S’ouvrir au Divin comme un Riad au Ciel

L’esprit de la religion n’est pas d’avoir raison, mais de vivre en harmonie avec le Divin intérieur.
Au cœur de toutes les grandes traditions spirituelles résonne une vérité simple et profonde : la religion n’est pas une compétition d’arguments, ni une quête de supériorité doctrinale, ni même un tribunal où l’on prouve que l’on détient la vérité absolue. Son esprit véritable n’est pas d’avoir raison, mais de vivre en harmonie avec ce Divin qui murmure au plus intime de nous-mêmes.
Avoir raison est affaire d’ego. C’est le besoin de défendre une position, de convaincre l’autre, de tracer des frontières nettes entre le vrai et le faux, le pur et l’impur, le croyant et l’infidèle.
Cette posture, si humaine soit-elle, transforme souvent la foi en armure, le sacré en territoire à conquérir. Elle nourrit les débats stériles, les anathèmes, les fractures entre communautés. Elle fait de la religion un champ de bataille où l’on mesure la ferveur à la force avec laquelle on exclut ou condamne.
Or, les maîtres spirituels, à travers les âges, ont toujours rappelé une autre voie.
Jésus invite à la douceur et à l’humilité de cœur. Le Prophète ﷺ enseigne que la meilleure des personnes est celle qui apporte le plus de bien aux autres. Bouddha parle de la Voie du Milieu, loin des extrêmes. Les soufis évoquent l’amour fou du Divin qui dissout l’ego. Les mystiques juifs parlent de la Shekhinah habitant l’âme.
Tous convergent vers cette évidence : la religion authentique est une invitation à rentrer en soi, à écouter ce silence habité où réside le Divin intérieur.

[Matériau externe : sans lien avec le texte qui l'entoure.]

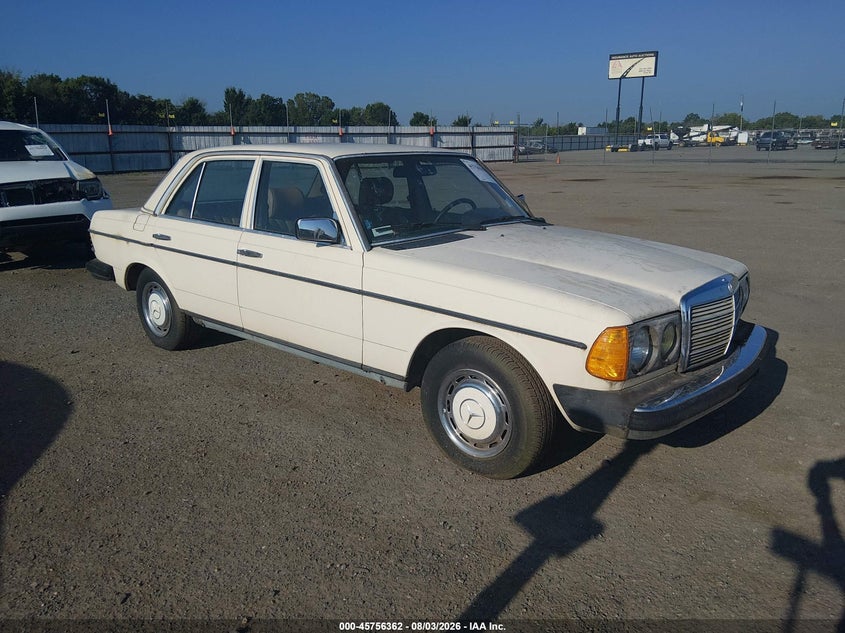 1983 MERCEDES-BENZ 240 auction photo 1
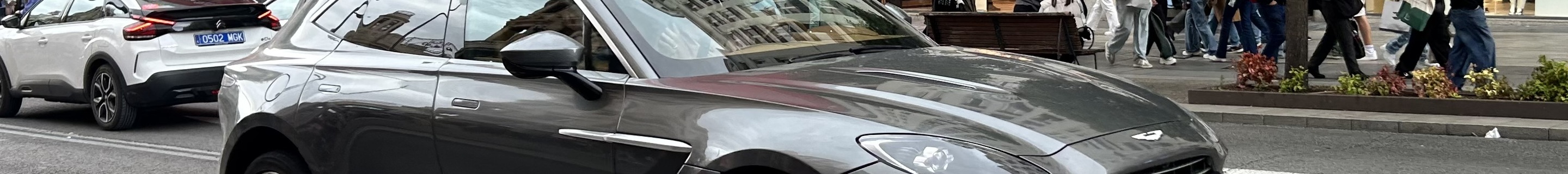 Aston Martin DBX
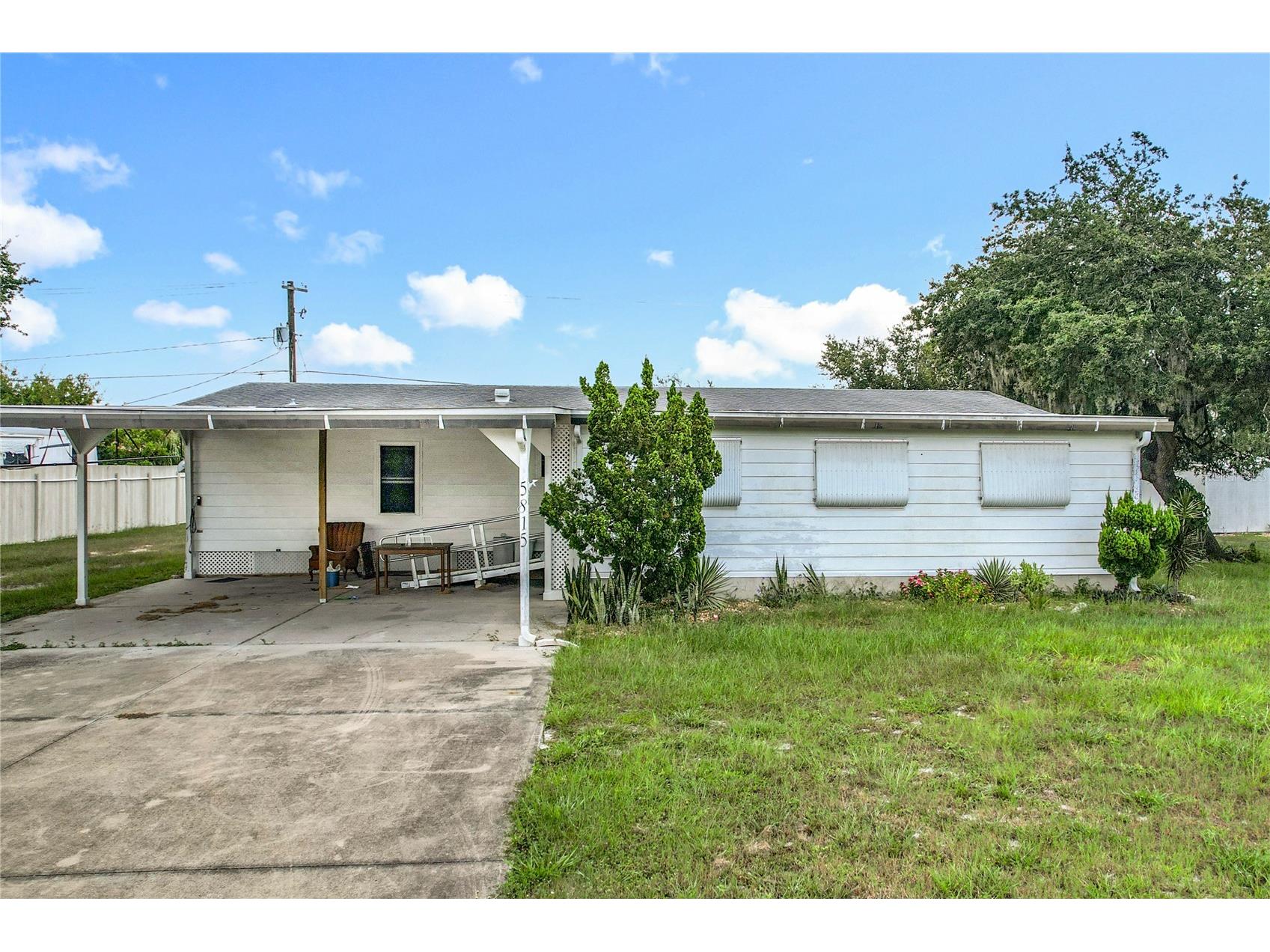 5815 Red Fox Drive Winter Haven FL 33884 L4954702 image1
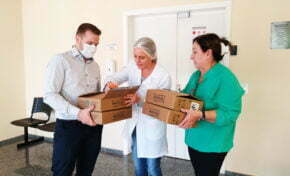 Colaboradores de indústria gaúcha doam doces a profissionais da saúde em hospitais da capital e interior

Vivre en harmonie avec ce Divin, c’est d’abord accepter de ne pas tout comprendre, de ne pas tout maîtriser. C’est reconnaître que le mystère nous dépasse et que la vérité ultime n’est pas une formule à posséder, mais une présence à accueillir.
Cette harmonie se cultive dans la prière silencieuse, la méditation, le souvenir constant de Dieu, la contemplation de la beauté du monde. Elle se nourrit de gestes simples : un pardon accordé, une main tendue, un moment de gratitude, une larme versée devant la souffrance d’autrui.

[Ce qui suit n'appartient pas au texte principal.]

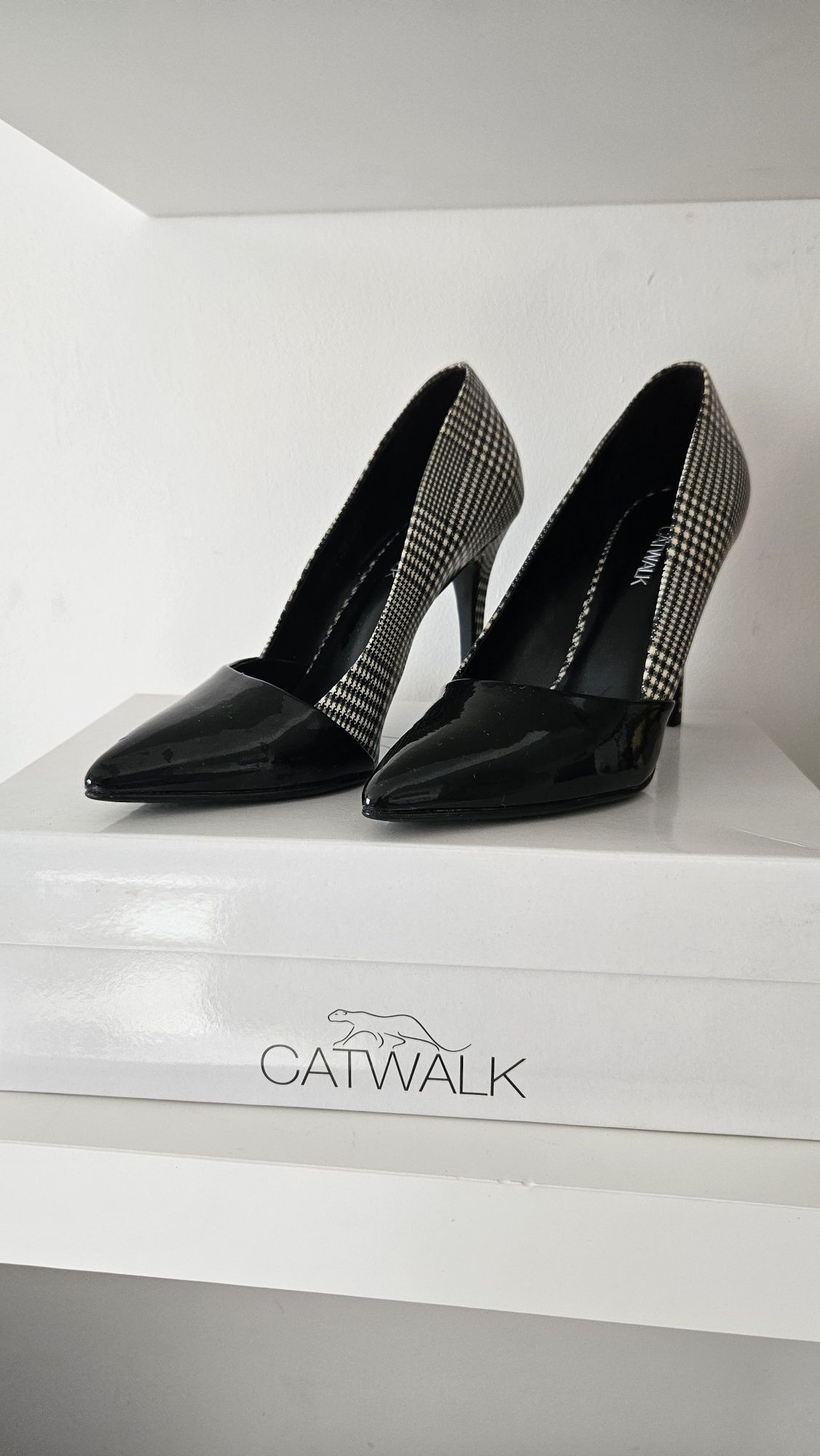 Pantofi stiletto 37 Catwalk alb negru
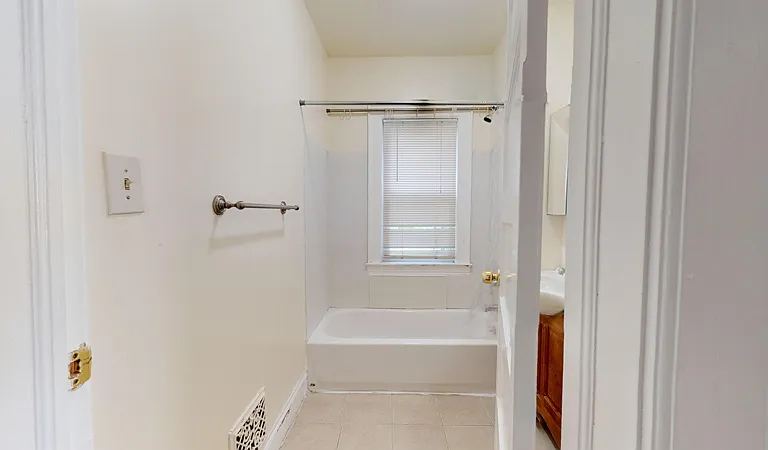 1318 Madison St — Photo 6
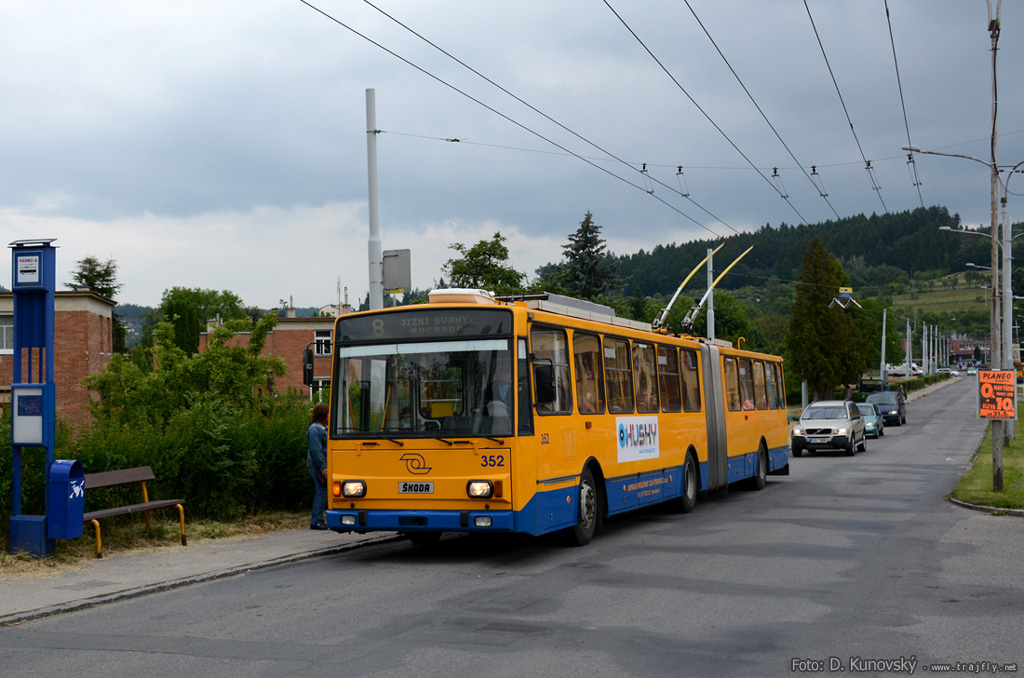 Злин, Škoda 15Tr13/6M № 352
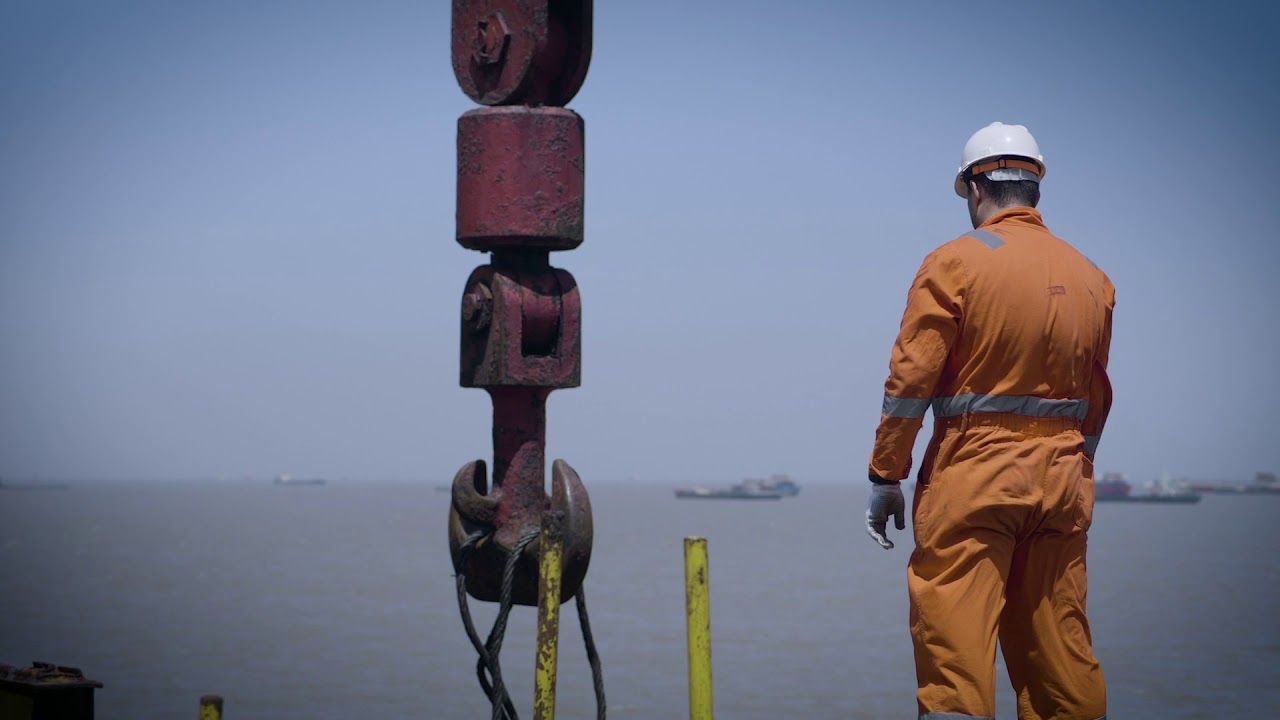 Siemens presents: The first 1,100 kV HVDC Transformer (full version)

Quand l’âme entre en cette harmonie, quelque chose de merveilleux se produit : les différences extérieures perdent leur tranchant.
Le croyant d’une autre tradition n’est plus un adversaire, mais un frère ou une sœur en quête du même mystère. Les rites, les mots, les chemins divergent, mais le cœur, lui, bat au même rythme de l’infini.

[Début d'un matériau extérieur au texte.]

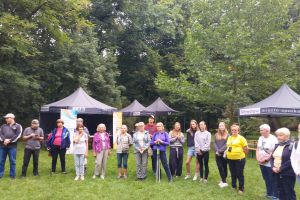 Zdjęcie grupy seniorów w parku karłowickim we Wrocławiu.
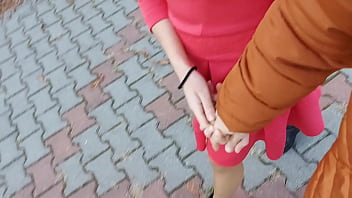 Adolescente innocente viene dominata e scopata DURO dal suo fidanzato dopo l'appuntamento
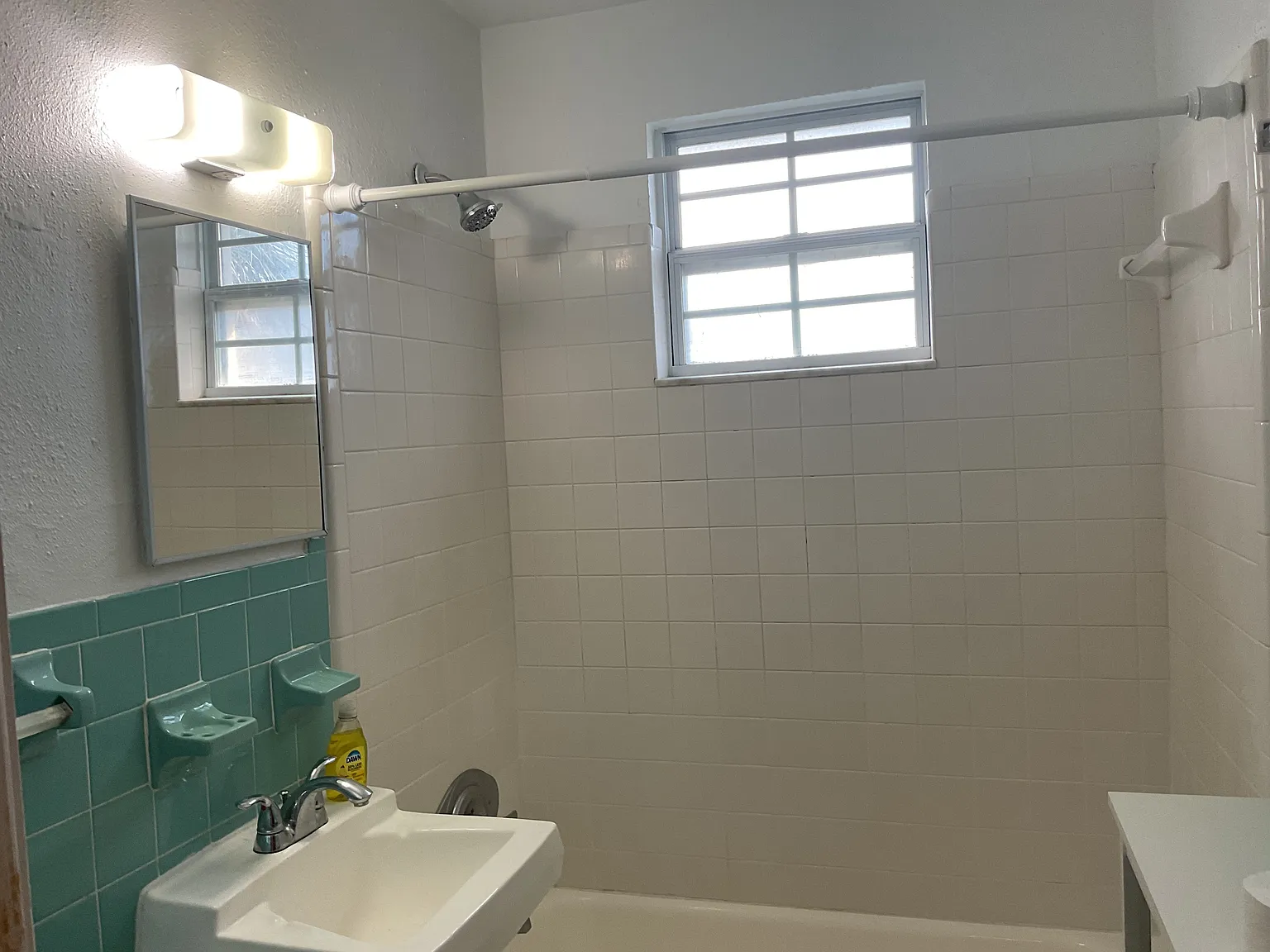2 bed, $1,800 — Photo 3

La religion redevient ce qu’elle n’aurait jamais dû cesser d’être : un chant d’amour, un pont entre les âmes, une lumière qui ne brûle pas mais réchauffe.
Celui qui vit ainsi n’a plus besoin d’avoir raison. Il rayonne. Sa paix intérieure devient contagieuse. Son regard posé sur l’autre n’est plus juge, mais témoin d’une même étincelle divine. Il n’impose pas sa vérité ; il la vit, et cette vie parle plus fort que tous les discours.
Puissions-nous retrouver cet esprit originel de la religion : non pas une forteresse close où l’on se retranche pour défendre ses certitudes, mais un riad marocain – un jardin secret blotti à l’intérieur de la maison, protégé des tumultes du dehors, où l’on cultive en silence roses, jasmins et fontaines murmurantes, tandis que le centre reste ouvert vers le ciel immense, laissant entrer la lumière, la pluie et les étoiles.
Ainsi, l’âme, close sur son intimité sacrée, s’ouvre en même temps à l’infini du Divin qui nous habite et qui nous unit tous.
Car là, et là seulement, réside la véritable paix – celle qui ne dépend pas de la victoire sur l’autre, mais de la réconciliation avec soi-même appartenant lui même au Divin.